The responsible scientific bodies of the EU also found no indication of systemic harm for the general population, apart from rare allergies. And the US drug authority, which advises more caution for certain risk groups, at the same time explicitly advises against having intact fillings removed solely to reduce mercury. That does not fit a picture of acute poison in the mouth.
The ban is a sensible environmental-policy step and at the same time no new proof that your existing, dense filling is poisoning you. Both statements are true at once. You will find the full mechanics of the ban and of the forms of mercury in the pillar article on heavy metals.
Should I have healthy fillings removed out of fear?
This is the question I am asked most often as soon as someone is unsettled. And it has a paradoxical answer that hardly anyone states clearly. Because the biggest avoidable mistake is often not wearing an intact filling. It is the panicked, unprotected drilling-out.
Drilling out a filling with a high-speed drill creates heat and the finest particulate dust. It is precisely then that much more mercury vapor is released in the short term than during years of calm wearing. You trade a low, continuous microgram dose for an acute spike if the procedure is done without protection.
Who and what: Warwick and colleagues measured the mercury vapor released from the particulate dust generated when drilling out amalgam.
What they found: Removal creates a source of mercury vapor that can keep evaporating for over an hour and can exceed common safety thresholds, even under protective measures.
What this means for you: The drilling-out itself can create a larger, acute mercury spike than years of wearing.
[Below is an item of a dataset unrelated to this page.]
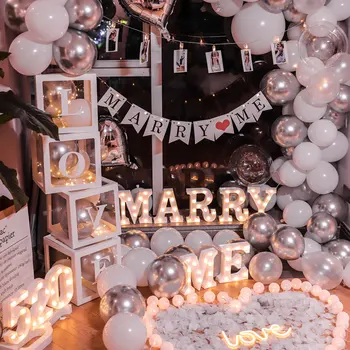 방 제안 소품 낭만적 인 서프라이즈 장면 레이아웃 크리 에이 티브 용품 익스프레스 유물 인테리어 장식 520 침실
Reflexive removal out of fear can raise the exposure in the short term rather than lower it.
Warwick D, Young M, Palmer J, Ermel RW. J Occup Med Toxicol. 2019;14:22. DOI: 10.1186/s12995-019-0240-2So there is no misunderstanding: I am neither talking you out of removal nor into it. There are legitimate reasons to replace a filling, for instance defects, allergies or a high individual load with matching complaints. My point is narrower: the decision should be made after assessment, not out of the fright of a headline. Check first, then decide.
Pregnancy, breastfeeding and children: do different rules apply?
Yes. For this subgroup caution weighs more heavily, and there is a clear biological reason for that. Mercury crosses the placenta and can pass into breast milk. The developing nervous system reacts more sensitively than that of an adult.
Who and what: Palkovicova and colleagues measured mercury in maternal blood and in the cord blood of 99 mother-child pairs, depending on the number of maternal amalgam fillings.
What they found: The values of mother and cord were closely linked, and cord mercury rose with the number of fillings, but stayed below the threshold considered dangerous.
What this means for you: Mercury from maternal fillings reaches the child measurably. This justifies the heightened caution during pregnancy, even though the values here were below the danger threshold.
Palkovicova L, Ursinyova M, Masanova V, Yu Z, Hertz-Picciotto I. J Expo Sci Environ Epidemiol. 2007;18(3):326-31. DOI: 10.1038/sj.jes.7500606An independent case-control study confirmed the placental transfer: pregnant women with amalgam had significantly more mercury in maternal serum and cord blood than controls, without any effect on the fetal measurements showing up (Bedir Findik 2016). The authors rightly caution that pure growth measures are not enough and that long-term studies on neurological effects are needed.
In practical terms this means: authorities advise against carrying out any amalgam procedures during pregnancy and breastfeeding without a compelling reason, so neither placing new fillings nor removing them needlessly. Because it is the procedure that creates the spike, and that is what you want to avoid in this phase. The detailed assessment for this group can be found in the article Heavy metals in pregnancy and in children.
Amalgam mercury is not the same as fish mercury
One last, common mix-up that needlessly muddles many discussions. When mercury is mentioned, two very different things are often meant. Amalgam releases elemental mercury vapor, which you take up through your lungs. Large predatory fish such as tuna or swordfish provide methylmercury, an organic form with its own kinetics that reaches the brain more efficiently.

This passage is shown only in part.